The dark website is planned and developed prior to the crisis, allowing the business, government department or whoever, to rapidly launch the dark website immediately after the crisis occurs; otherwise, the website is ‘dark’, in that it is hiding in the dark where is cannot be seen or accessed by the public.

The reason I have titled this section ‘the answer is that you probably don’t’ is because only a sliver of all the businesses and organisations out there require a dark website; businesses and organisations that have the scope and scale to have crisis’s large or extreme enough to warrant a dark website.

Your average chicken shop website probably doesn’t need a dark website, would be my advice.

 

Why not just use the corporate website?

For a few reasons.

The first is response time. Businesses and organisations need to respond immediately after a crisis in order that they can control the crisis and be seen as a reliable voice to the public and media. Websites ordinarily take days, weeks and months to build – and in a crisis, you have minutes.

The second reason  is that the corporate website is unsuitable. Not only is there the issue of timeliness (see above), though corporate websites are designed for different purposes than dark websites. They are designed to promote the business and impress customers and investors.

That is not the message the panicked public wants or needs.
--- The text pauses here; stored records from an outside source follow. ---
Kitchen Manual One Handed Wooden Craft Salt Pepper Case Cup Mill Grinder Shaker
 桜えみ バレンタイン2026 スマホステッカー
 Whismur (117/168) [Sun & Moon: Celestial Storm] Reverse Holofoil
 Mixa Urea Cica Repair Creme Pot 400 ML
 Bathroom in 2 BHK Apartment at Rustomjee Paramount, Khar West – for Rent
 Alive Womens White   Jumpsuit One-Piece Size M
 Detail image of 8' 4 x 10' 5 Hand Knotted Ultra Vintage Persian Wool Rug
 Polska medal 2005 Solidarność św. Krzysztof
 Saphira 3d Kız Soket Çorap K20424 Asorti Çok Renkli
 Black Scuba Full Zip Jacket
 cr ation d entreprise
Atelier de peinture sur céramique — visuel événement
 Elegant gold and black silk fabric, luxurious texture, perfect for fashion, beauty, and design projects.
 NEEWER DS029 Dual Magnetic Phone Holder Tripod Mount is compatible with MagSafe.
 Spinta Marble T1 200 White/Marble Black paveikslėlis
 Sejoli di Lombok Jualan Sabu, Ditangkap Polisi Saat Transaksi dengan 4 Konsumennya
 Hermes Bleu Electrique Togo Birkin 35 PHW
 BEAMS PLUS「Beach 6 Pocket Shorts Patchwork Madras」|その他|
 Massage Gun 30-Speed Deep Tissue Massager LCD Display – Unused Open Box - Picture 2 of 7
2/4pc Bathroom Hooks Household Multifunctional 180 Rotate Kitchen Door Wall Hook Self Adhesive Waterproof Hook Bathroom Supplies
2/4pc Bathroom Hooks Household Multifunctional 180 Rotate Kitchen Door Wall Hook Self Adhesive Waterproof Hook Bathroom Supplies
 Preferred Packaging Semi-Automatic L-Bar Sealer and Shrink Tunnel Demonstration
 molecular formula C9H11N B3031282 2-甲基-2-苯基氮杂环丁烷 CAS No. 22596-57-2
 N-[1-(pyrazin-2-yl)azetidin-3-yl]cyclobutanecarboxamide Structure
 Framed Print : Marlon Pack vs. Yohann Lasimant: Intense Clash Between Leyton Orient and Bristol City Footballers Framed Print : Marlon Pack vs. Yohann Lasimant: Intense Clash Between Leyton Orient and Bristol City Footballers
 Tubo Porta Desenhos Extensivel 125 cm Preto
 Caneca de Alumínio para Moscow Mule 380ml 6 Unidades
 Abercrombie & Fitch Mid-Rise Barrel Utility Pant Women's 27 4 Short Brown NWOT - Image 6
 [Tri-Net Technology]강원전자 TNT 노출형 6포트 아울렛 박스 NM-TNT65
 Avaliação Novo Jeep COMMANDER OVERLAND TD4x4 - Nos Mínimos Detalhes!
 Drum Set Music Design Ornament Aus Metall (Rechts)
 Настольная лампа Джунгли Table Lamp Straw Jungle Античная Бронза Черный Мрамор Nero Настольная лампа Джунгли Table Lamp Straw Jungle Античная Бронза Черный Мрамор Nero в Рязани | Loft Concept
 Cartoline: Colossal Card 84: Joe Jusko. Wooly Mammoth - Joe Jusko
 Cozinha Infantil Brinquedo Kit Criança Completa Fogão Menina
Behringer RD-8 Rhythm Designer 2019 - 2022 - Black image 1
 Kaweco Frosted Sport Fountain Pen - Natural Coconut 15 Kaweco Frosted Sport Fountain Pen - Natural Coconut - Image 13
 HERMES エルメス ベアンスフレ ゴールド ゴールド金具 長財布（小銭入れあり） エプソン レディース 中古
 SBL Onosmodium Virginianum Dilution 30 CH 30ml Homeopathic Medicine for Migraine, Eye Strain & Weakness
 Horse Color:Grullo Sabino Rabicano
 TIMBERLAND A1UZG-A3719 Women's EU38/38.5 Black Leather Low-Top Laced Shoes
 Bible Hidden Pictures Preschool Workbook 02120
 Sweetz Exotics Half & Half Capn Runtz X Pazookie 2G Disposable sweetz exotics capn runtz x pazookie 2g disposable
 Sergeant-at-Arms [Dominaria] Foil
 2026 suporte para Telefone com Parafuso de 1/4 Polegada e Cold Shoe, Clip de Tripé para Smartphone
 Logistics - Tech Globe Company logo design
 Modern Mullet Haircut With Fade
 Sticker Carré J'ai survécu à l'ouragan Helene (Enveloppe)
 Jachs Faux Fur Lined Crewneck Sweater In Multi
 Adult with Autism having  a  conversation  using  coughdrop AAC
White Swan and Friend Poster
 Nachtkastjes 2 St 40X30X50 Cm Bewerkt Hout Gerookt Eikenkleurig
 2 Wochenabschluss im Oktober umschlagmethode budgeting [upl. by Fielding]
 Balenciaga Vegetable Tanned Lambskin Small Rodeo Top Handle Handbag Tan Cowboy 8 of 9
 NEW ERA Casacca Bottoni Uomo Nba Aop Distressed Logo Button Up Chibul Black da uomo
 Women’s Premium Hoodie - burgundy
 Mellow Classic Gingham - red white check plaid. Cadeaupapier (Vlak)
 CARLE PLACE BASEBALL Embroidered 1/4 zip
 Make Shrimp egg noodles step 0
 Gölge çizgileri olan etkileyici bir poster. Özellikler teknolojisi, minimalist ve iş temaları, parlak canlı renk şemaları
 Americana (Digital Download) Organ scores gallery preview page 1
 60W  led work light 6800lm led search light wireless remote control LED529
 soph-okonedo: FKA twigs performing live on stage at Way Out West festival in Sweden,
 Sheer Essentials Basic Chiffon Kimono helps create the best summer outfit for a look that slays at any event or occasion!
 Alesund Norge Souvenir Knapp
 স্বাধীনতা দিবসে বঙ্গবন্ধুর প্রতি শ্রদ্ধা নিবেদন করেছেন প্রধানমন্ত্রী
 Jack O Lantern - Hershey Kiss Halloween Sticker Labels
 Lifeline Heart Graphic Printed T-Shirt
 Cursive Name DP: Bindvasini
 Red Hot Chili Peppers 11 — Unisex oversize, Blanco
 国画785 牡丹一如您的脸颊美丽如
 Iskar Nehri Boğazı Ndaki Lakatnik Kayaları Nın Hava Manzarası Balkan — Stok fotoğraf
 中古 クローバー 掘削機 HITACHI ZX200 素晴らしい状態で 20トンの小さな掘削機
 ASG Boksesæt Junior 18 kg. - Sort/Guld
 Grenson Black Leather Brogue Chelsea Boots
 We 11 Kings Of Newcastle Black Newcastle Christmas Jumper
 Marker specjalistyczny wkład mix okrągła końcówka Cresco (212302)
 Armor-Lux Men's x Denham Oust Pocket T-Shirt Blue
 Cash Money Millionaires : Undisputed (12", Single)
A dark website says we are serious, a message that is read into by media and the public. A dark website shows that dealing with the crisis is of paramount importance and that says a lot about the business or organisation behind the dark website.

It speaks volumes.

The dark website does not need to replace the corporate website, though if it does (and I know how much of a monster I will come across as saying this), please don’t open a new crisis with Google: plan your potentially rapid transition and don’t simply turn off your main website.

Easier, display a major link on your homepage and across all pages of the website, in social and the like, linking to your dark website.

Potentially, register the dark website at its own URL so that traffic can be diverted directly to it.

Whatever solution works for you:

Gulf of Mexico dark website

Malaysian Airlines Dark website

 

What are the essential ingredients?

Easy: the nature of the website and its content.

  1. Consistent, factual and timely content.
  2. Clear links to the authors/spokespeople of the content and message.
  3. Feeds from social or to social.
  4. The ability to register for updates (email, SMS).

 

In a time of crisis, the last thing a business or organisation needs is an inability to own the message; similarly, the business or organisation needs to demonstrate its commitment to the issue, especially to media.

Everyone is online. Half the world visited the Malaysian Airlines website after MH70 disappeared.

A dark site is the best way to introduce yourself to your new and startled users; at this point, they don’t care about your latest profit announcements and it is certainly the last thing you want to be promoting.